Subsequently I found myself heading for a Benalla, to visit an old mate via every squiggle on the map I can find.
My ride took in the delights of the Reefton spur, the Eildon/Jamieson road and the spectacular run from Mansfield to Whitfield and then on to Benalla, the Monte Carlo of the……well it’s bigger than Whitfield.
What is obvious early in the day, is the subtlety of the power delivery of this mobile sculpture. It’s about as subtle a high speed train derailment. To use this bike on a tight road like the Reefton Spur is like trying to let off a claymore mine in a shoe box without losing the lid. I have ridden hundreds of bikes over this road, but nothing I have ridden requires the level of input this thing needs keep it out of the trees. There is no where to hide. The mid range is brutal. The steering demands you hang off it and force into turns carrying more speed than is prudent. Stopping it wheel standing into the road side furniture you feel like a lone parking inspector trying to hold back a G20 protest. The picture is very clear that this type of road is not its cup of 98 premium. There is just not enough pace to load up the delectable Ohlins and make them function.

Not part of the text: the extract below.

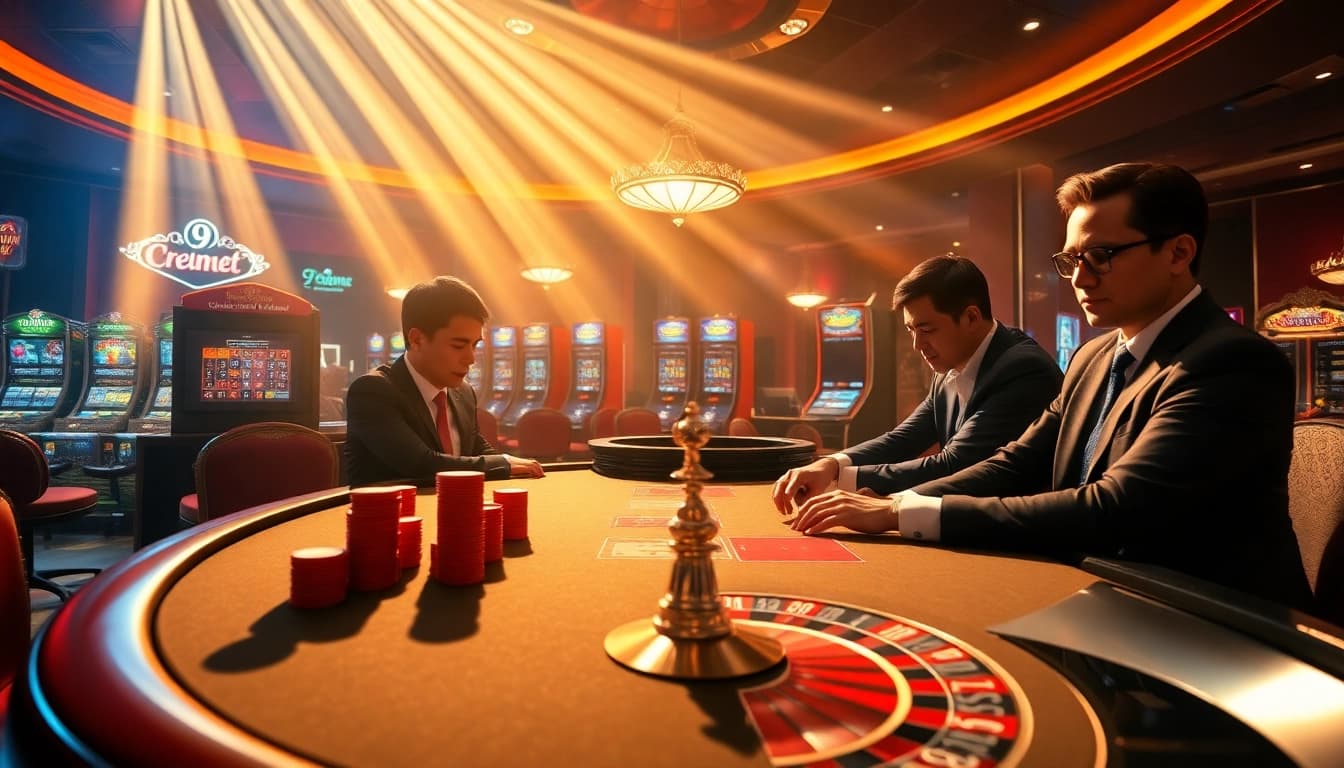 Experience the thrill of high-stakes gambling at https://9bet.today/ with luxurious casino elements.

What is also clear is this bike would not suffer fools gladly. It punishes indecision and scoffs at a lack of confidence like Berlusconi faced with an over age hooker.
What the SP wants is speed, which I know the more open spaces to come will provide. And provide they do. The sweepers from Whitfield let Pavarotti really belly up to the smorgasbord. If you simply add a one to the advisory speed as a start, the whole machine transforms. The steering is laser accurate. If you ran over an ant with the front you would swear you could feel it pop. The drive off apexes has the front floating in 3rd and 4th. The electronic shifter makes sure there is no let up in the maelstrom of sound and speed. The Supercorsas now have real heat in them, and stick like jizz in a wig. The lean angle and mid corner speed is verging on the ridiculous. The soundtrack through the full Termi system is, to steal from Dave Mustaine, the “Symphony of Destruction”. You are Tony Montana and people will say hello to your little friend. No ifs, no buts. I fuel up and do it again. And then I fuel up and do it again. Then I sit and have the best cigarette I can remember.
I have seen a one of those motivational poster type thingies on the interwebs that reads “No matter how hot she is, somebody, somewhere is sick of her shit.” Which brings me back to the Hume Highway in the rain and the dark.
The 1198 is about as user friendly as a double-ended chainsaw with no handle. At 130 it wants 3rd or 4th, top gear is none of your business unless there is 180 plus on the dash. The Supercorsas skate around on the wet tarmac, while my wrists take a pummeling they haven’t seen since I was 15 and single. My choice of the Hume was down to the three-candlepower headlights. On the road it is a square peg trying for a round hole. When it occasionally fits, it is the most magnificent sports motorcycle experience, with a purity and brutality we may not see again.